TASK DESCRIPTION: How do the lines below between the ones holding "4-Pack Baby Girls" and "新加坡大滿貫賽》5局大戰逆轉昔日搭檔李昱諄 鄭怡靜32強對決中國王曼昱", inclusive, read? Give them again exactly, with no other lines.

━━━━━ SOURCE DATA

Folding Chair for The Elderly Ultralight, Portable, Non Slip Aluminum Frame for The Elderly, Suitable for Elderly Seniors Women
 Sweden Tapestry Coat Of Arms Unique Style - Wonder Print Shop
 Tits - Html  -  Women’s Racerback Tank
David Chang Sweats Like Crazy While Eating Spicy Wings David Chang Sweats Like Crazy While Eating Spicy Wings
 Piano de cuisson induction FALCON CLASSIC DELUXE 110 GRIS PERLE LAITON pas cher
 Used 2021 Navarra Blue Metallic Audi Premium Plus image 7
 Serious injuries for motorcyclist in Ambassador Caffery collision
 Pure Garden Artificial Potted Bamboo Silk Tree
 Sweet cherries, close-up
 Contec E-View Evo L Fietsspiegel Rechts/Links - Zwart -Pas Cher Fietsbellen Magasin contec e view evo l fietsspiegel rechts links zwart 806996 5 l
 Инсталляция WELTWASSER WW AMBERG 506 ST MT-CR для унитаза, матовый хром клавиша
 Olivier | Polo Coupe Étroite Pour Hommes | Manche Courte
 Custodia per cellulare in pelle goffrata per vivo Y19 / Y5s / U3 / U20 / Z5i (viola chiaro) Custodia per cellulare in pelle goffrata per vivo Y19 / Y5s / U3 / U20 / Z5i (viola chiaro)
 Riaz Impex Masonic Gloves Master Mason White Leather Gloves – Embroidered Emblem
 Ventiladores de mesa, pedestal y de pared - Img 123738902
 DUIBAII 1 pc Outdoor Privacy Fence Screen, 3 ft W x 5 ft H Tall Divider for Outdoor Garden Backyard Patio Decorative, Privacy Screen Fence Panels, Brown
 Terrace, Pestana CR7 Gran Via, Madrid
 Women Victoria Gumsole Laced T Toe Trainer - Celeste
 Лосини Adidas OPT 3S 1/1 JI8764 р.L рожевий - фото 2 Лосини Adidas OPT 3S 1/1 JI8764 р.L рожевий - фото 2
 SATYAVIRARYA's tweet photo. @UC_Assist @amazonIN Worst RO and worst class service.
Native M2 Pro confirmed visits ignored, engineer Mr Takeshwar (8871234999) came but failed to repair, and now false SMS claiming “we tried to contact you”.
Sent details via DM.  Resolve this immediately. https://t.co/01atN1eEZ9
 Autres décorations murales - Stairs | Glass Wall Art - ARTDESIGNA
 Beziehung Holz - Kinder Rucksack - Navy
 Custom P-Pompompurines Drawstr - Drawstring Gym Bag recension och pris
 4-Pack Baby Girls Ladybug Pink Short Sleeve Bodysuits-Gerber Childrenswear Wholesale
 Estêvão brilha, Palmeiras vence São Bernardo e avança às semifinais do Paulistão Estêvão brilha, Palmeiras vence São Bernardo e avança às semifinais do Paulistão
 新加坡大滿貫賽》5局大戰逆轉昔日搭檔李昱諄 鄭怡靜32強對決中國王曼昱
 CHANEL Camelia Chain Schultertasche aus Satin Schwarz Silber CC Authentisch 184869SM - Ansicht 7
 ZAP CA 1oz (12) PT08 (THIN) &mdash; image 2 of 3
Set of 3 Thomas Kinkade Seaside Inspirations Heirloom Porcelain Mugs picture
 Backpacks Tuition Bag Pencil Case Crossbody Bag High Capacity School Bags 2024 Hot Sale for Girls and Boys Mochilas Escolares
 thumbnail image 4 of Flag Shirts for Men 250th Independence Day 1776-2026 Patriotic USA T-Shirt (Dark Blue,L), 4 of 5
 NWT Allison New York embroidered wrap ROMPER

━━━━━━━━━━

SOLUTION BELOW:
 4-Pack Baby Girls Ladybug Pink Short Sleeve Bodysuits-Gerber Childrenswear Wholesale
 Estêvão brilha, Palmeiras vence São Bernardo e avança às semifinais do Paulistão Estêvão brilha, Palmeiras vence São Bernardo e avança às semifinais do Paulistão
 新加坡大滿貫賽》5局大戰逆轉昔日搭檔李昱諄 鄭怡靜32強對決中國王曼昱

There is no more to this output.